*** EXCERPTED RECORDS Section Begins ***

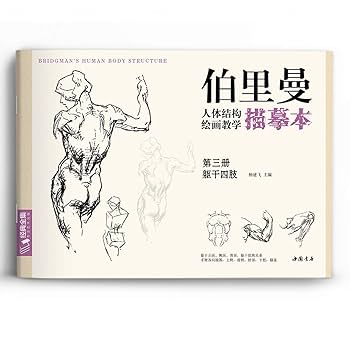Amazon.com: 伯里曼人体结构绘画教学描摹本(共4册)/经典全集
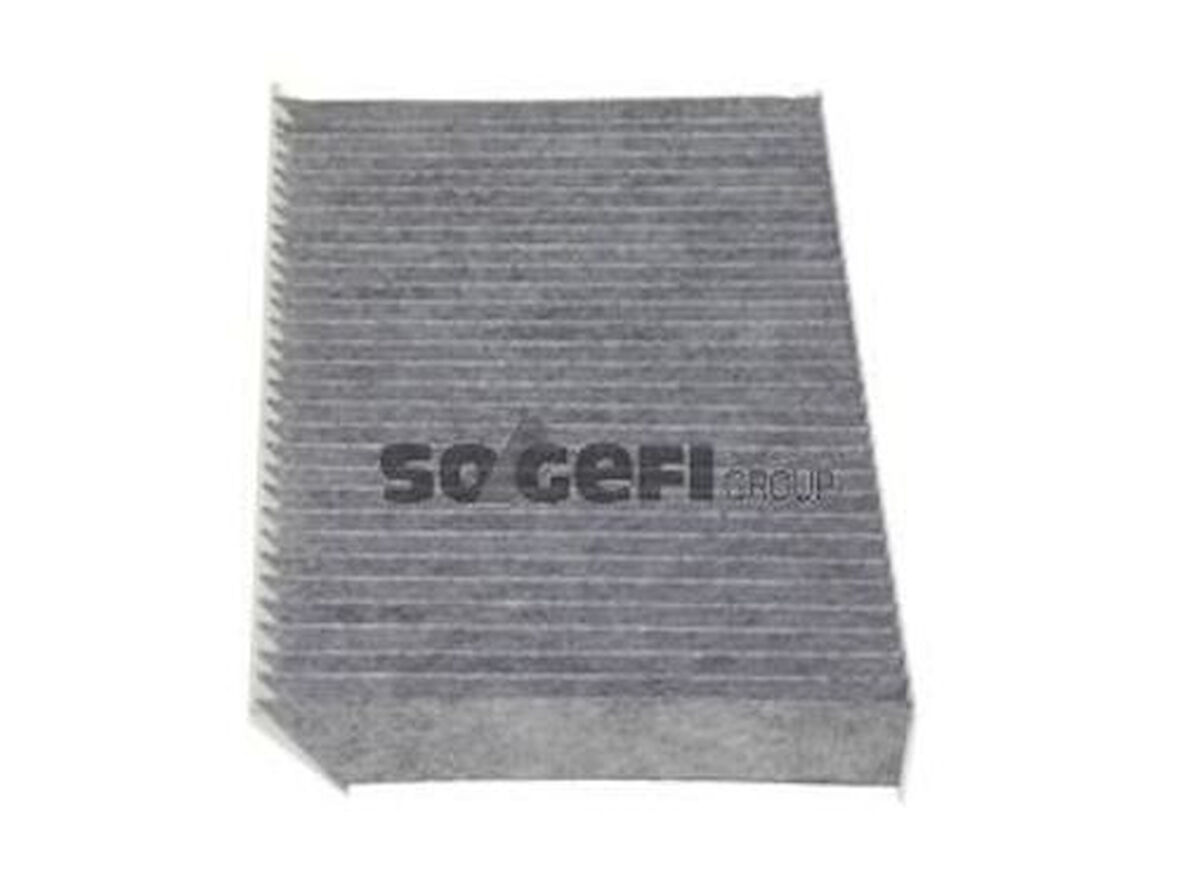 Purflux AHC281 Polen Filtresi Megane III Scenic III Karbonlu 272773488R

*** EXCERPTED RECORDS Section Ends ***
*** EXCERPTED RECORDS Section Begins ***

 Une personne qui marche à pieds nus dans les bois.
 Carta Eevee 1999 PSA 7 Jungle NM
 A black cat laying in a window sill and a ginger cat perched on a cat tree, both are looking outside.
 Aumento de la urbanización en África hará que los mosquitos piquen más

*** EXCERPTED RECORDS Section Ends ***

TASK TO COMPLETE — Repeat exactly the lines above, beginning at the one containing "Amazon.com: 伯里曼人体结构绘画教学描摹本(共4册)/经典全集" and ending at the one containing "Purflux AHC281 Polen". Do not carry over any pictures.

RESPONSE TO THE EXERCISE —
Amazon.com: 伯里曼人体结构绘画教学描摹本(共4册)/经典全集
 Purflux AHC281 Polen Filtresi Megane III Scenic III Karbonlu 272773488R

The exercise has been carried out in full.